> **INFORMATION SHOWN**:
************
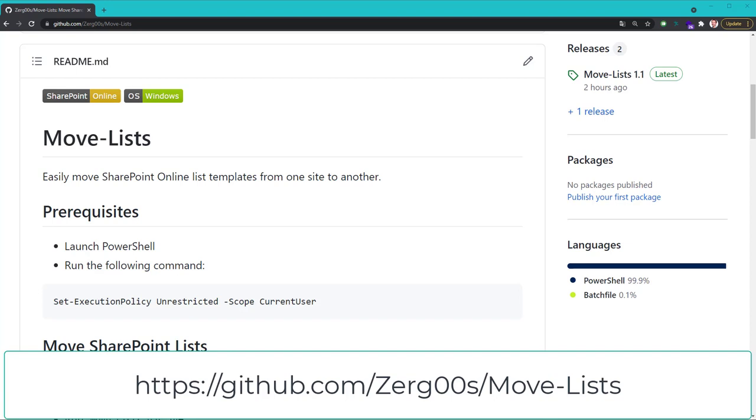MoveLists is a free portable tool that allows you to easily move SharePoint online list templates from one site to another.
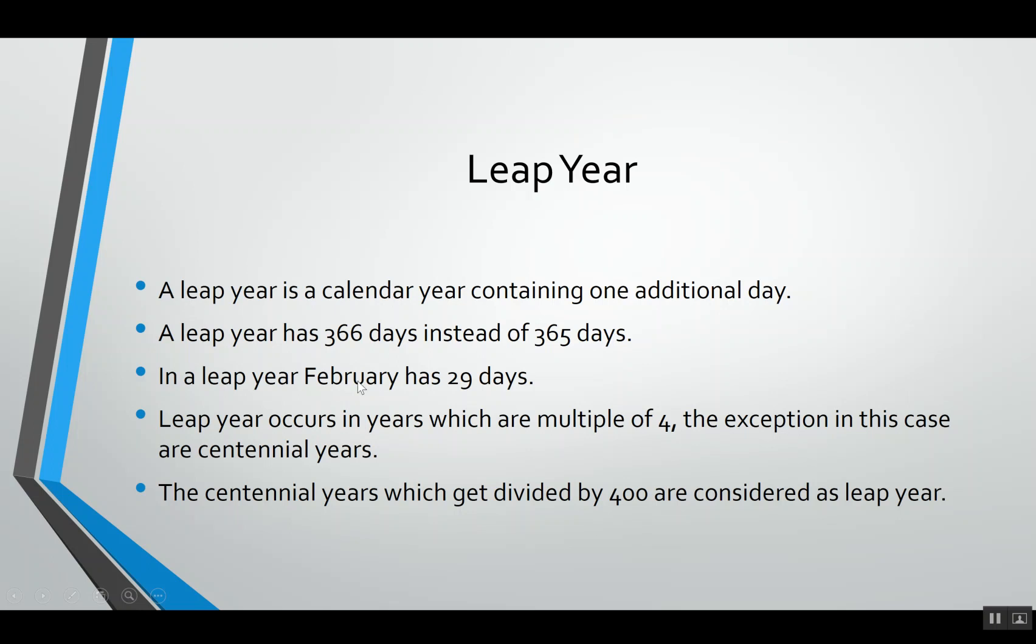In a leap year, February has 29 days. Leap year occurs in years which are multiples of 4, for example 2004, 2008, 2012, and so on. But the exception in this case are centennial years. Centennial years are the century years. The centennial years which get divided by 400 are considered as leap years.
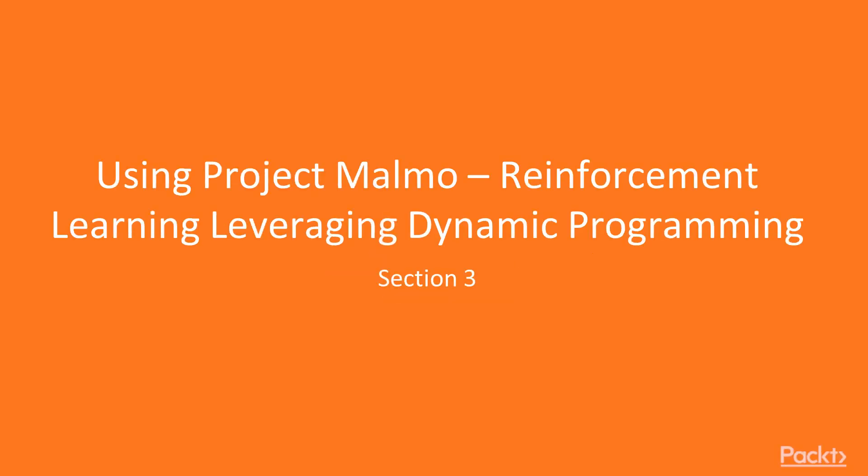Welcome to the third section of our course. In this section we'll be using Project Malmo for reinforcement learning leveraging dynamic programming.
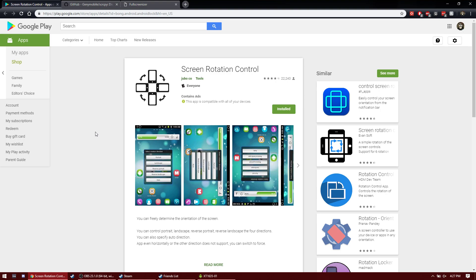Also, you don't need to use a Steam controller for this, but I do prefer a Steam controller over Xbox or PlayStation. Basically, you can use any controller that Steam allows you to customize the buttons for.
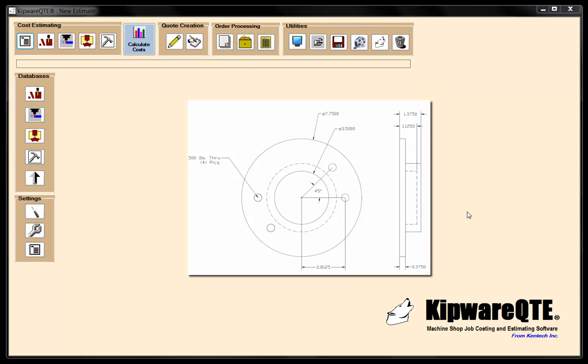Welcome to this Kipware QTE video presentation. In this video, we're going to do a sample cost estimate. You can see our part print on the screen. Basically, we've got a 4140 part made from 8-inch stock. We're not going to be concerned with cycle time estimating for this — that's done in a companion Kipware CYC video on our YouTube site. We're going to be concerned with the cost estimate here: material cost, perishable tooling, labor cost, and any non-machining costs. Let's jump right in.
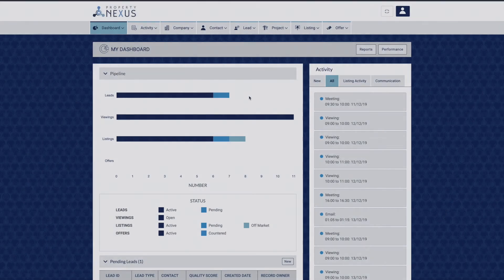The My Dashboard page is the first page you will see when logging into your Property Nexus CRM.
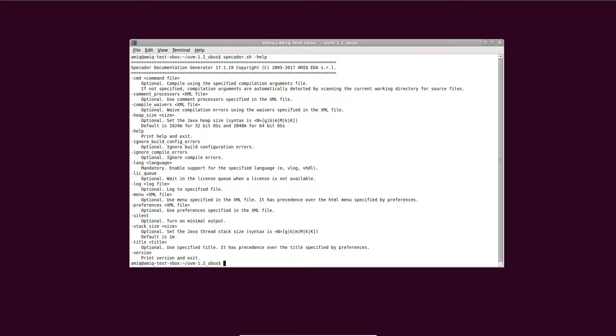Specador helps keep the documentation in sync with the source code by automating the documentation process. A simple Specador invocation takes two arguments: -lang to specify the language, for example vlog for SystemVerilog, and the actual compilation arguments you would pass to any simulator using -cmd.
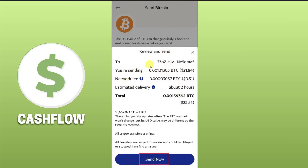Make sure that you use the same network in both your PayPal and Bybit app. Once you confirm these things, click Send Now and your Bitcoin will be transferred within 25 hours. I hope this video was helpful — please like this video and subscribe to my channel.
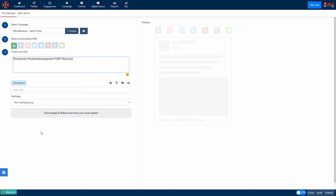Adding hashtags like this in Maash Social can save you so much time, especially if you often use the same hashtags on many of your posts.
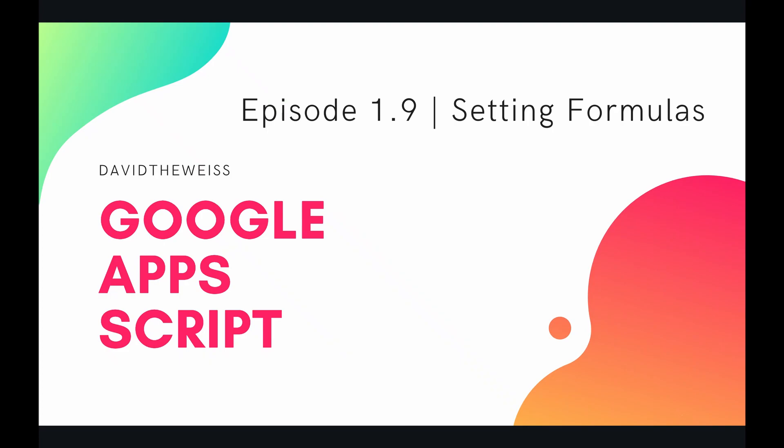What's up coders and welcome to episode 9 of our spreadsheet service playlist on the Google Apps Script course. In this video we're going to be talking about setting formulas.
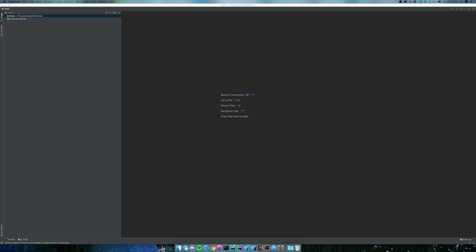What we're gonna do is create a simple API for a to-do application. Because you know, to-do applications are cutting edge and they really actually get across most of the necessities when building a web application. So that's what we're gonna build.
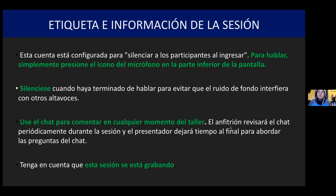Now we'll talk about etiquette in our session. This account is set to mute participants upon entry. To speak, simply press the mic button at the bottom of your screen. Please mute yourself when you're done speaking to avoid background noise. Feel free to use the chat feature to comment at any point. The host will check the chat periodically, and the presenter will leave time at the end to address questions. Please note the session is being recorded.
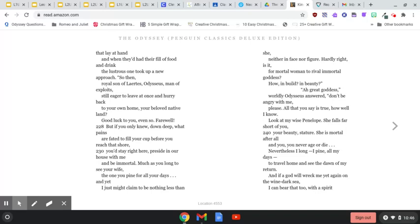So then, royal son of Laertes, Odysseus, man of exploits, still eager to leave at once and hurry back to your own home, your beloved native land, good luck to you, even so. Farewell.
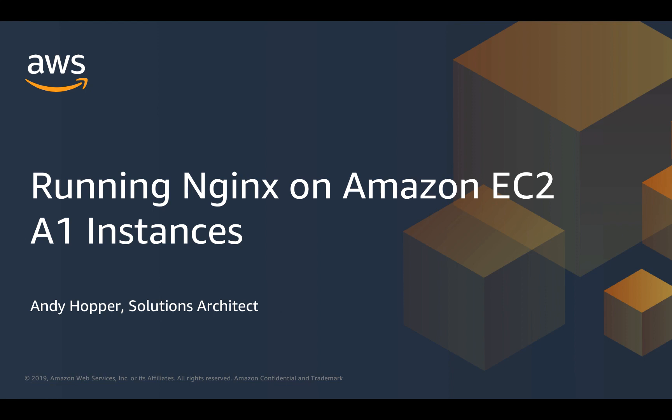Hello everyone, my name is Andy Hopper and I'm a Solutions Architect with Amazon Web Services. In this video, we're going to explore how we can run the popular Nginx software package on Amazon EC2 A1 instances.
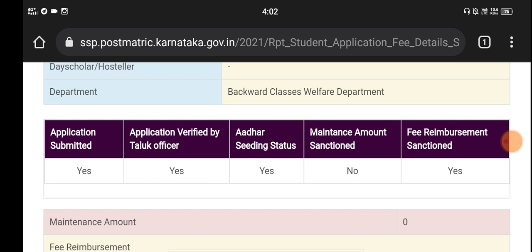There is an SSP website update. If you have the link to the Aadhaar linking website, this is the main Aadhaar linking page. We are able to download the Aadhaar linking page. If you have Aadhaar linking done, you will also have the Aadhaar linking page. You can see and access the Aadhaar linking page.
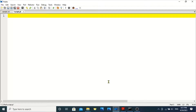Hi guys, in this tutorial we'll see how to find and replace a string using a Perl script. Let's start our code. I am using a symbol called dollar which is used to declare a variable in Perl.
************
> **AIM OF THE TASK**:
Above are the records. Copy word for word only their lines from the one holding "What we're gonna do" through the one holding "There is an", both included, and skip the images.

> **ANSWER TO THIS TASK**:
What we're gonna do is create a simple API for a to-do application. Because you know, to-do applications are cutting edge and they really actually get across most of the necessities when building a web application. So that's what we're gonna build.
Now we'll talk about etiquette in our session. This account is set to mute participants upon entry. To speak, simply press the mic button at the bottom of your screen. Please mute yourself when you're done speaking to avoid background noise. Feel free to use the chat feature to comment at any point. The host will check the chat periodically, and the presenter will leave time at the end to address questions. Please note the session is being recorded.
So then, royal son of Laertes, Odysseus, man of exploits, still eager to leave at once and hurry back to your own home, your beloved native land, good luck to you, even so. Farewell.
Hello everyone, my name is Andy Hopper and I'm a Solutions Architect with Amazon Web Services. In this video, we're going to explore how we can run the popular Nginx software package on Amazon EC2 A1 instances.
There is an SSP website update. If you have the link to the Aadhaar linking website, this is the main Aadhaar linking page. We are able to download the Aadhaar linking page. If you have Aadhaar linking done, you will also have the Aadhaar linking page. You can see and access the Aadhaar linking page.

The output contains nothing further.